My little brother recently came home from eight months in Australia with a new game. It’s called “What Am I Thinking of?” and it seems poised on the brink of bridging the tragic divide between human skulls. With this game you can finally penetrate the consciousness of your fellow man. It’s the most exhilarating science I’ve seen in years. The game goes like this:
Player 1: What am I thinking of?
Player 2: Seahorses.
Player 1: No, Roman columns.
Player 2: Shit.
Normally I hate games, but I had fun with this one because it was so easy to sabotage. “What Am I Thinking of?” is the sort of game that breaks down when you can’t trust your partner to tell you honestly what he’s thinking of. It also thrives on creativity and randomness, which is why the following exchanges were so enjoyable:
Me: What am I thinking of? (eating bacon)
Brother: Genghis Khan.
Me: No, bacon.
Me: What am I thinking of? (holding my brother’s face in my hands)

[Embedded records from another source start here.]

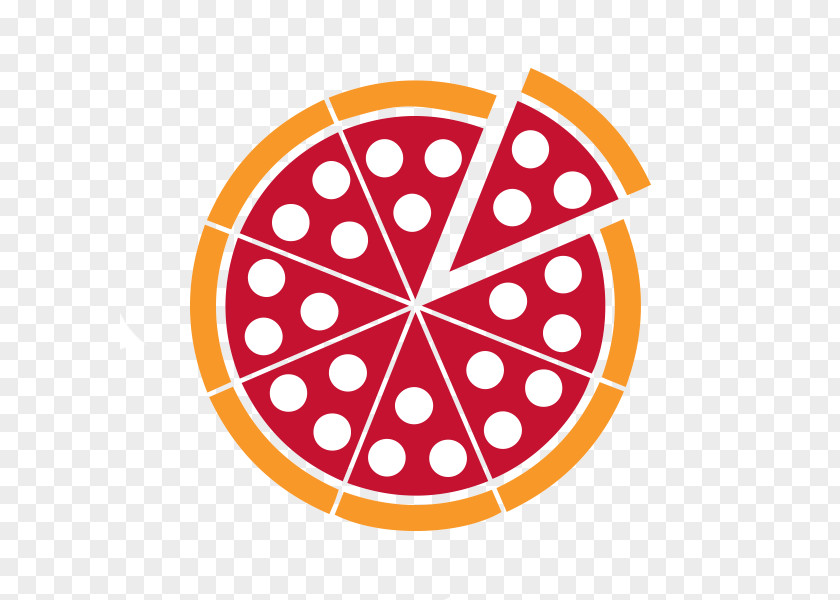 Pizza Martha's Italian Cuisine Restaurant Delivery PNG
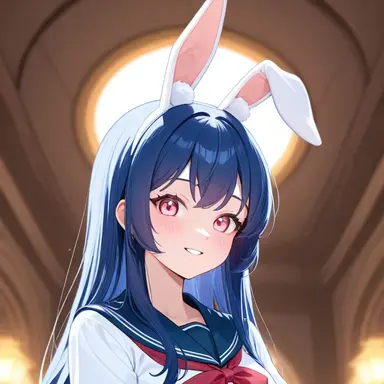 Profile image of 루나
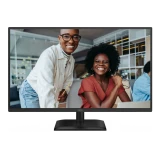 Монитор AOC 27" Q27E4U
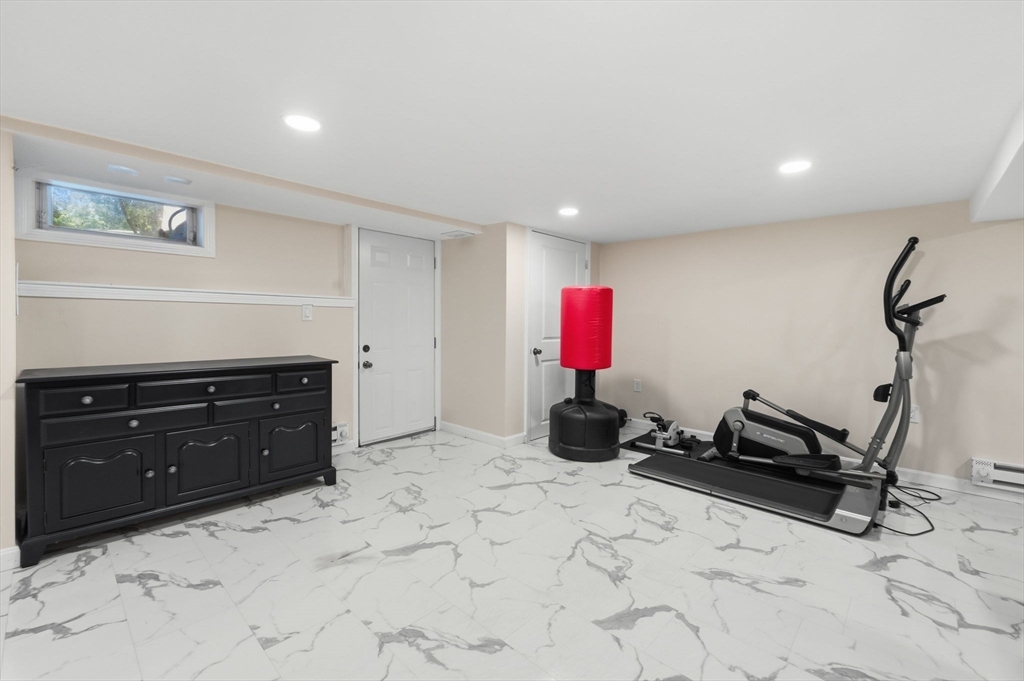 151 Greenwood Road Andover, MA 01810 - Photo 24 of 35 Gallery Image 24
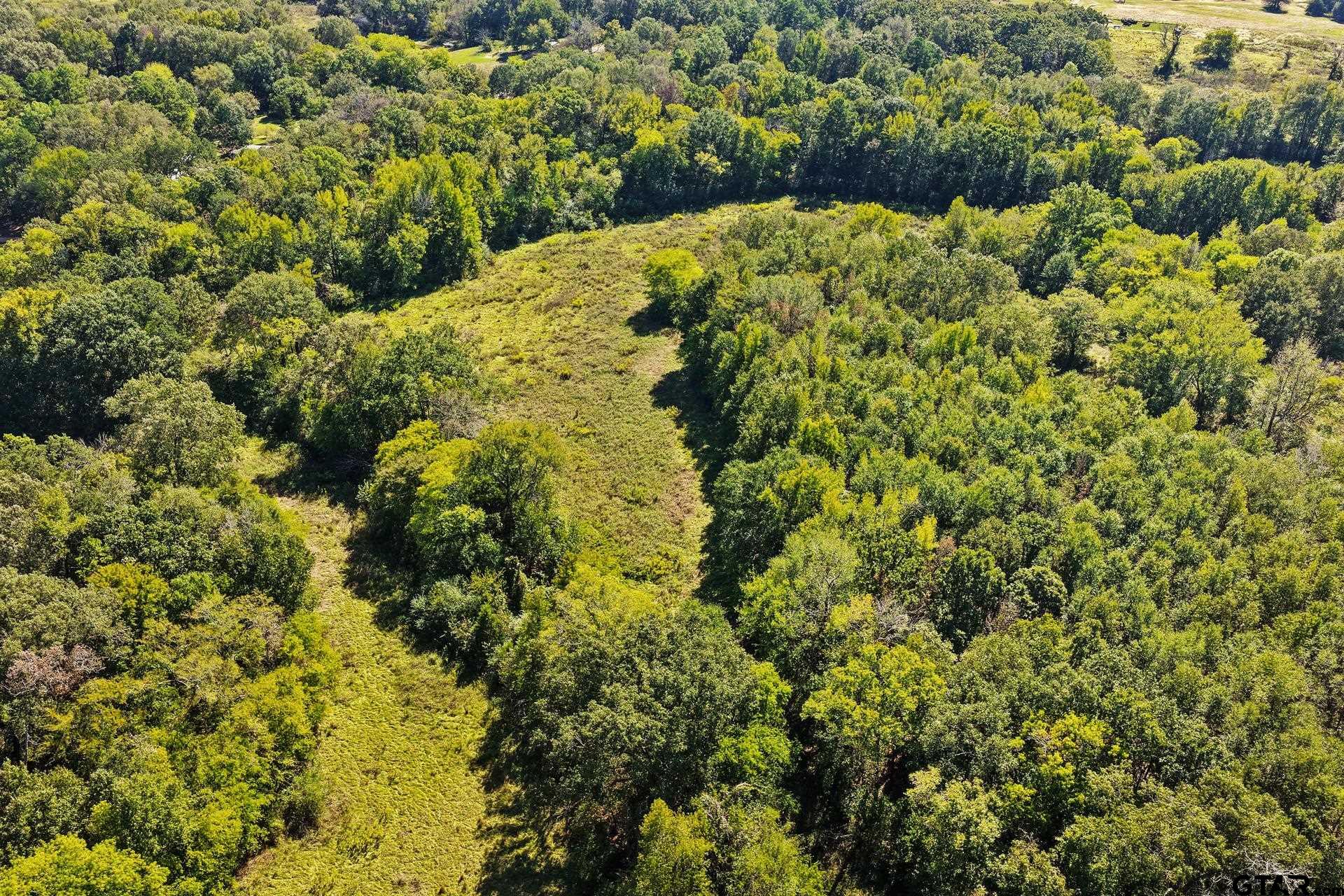 1395 County Road 3070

Brother: All Quiet on the Western Front.
Me: No, your face.
Brother: You suck at this game.
Keep in mind that we played “What am I thinking of?” en famille on Christmas morning, so what I was actually thinking was “I am so goddamn lonely” and “My entire life is an exercise in shame and futility.” But joke’s on them because I’m also a cheater!
My brother says the closest he’s ever come to winning this game is when he guessed “London” when his friend was thinking “Dublin.” Evidently some sort of Jungian collective unconscious was in play here. Or the boys were simultaneously reading a map of the United Kingdom. In any case I’m encouraged that two people can read each other’s minds even to this dyslexic degree. They were trying to know each other, and it’s the effort—not the science—that counts.
Me: What am I thinking of? (porn porn Roy Orbison porn dogs champagne)
You: How dark and inaccessible you are.
Me: Congratulations, you win. Game over.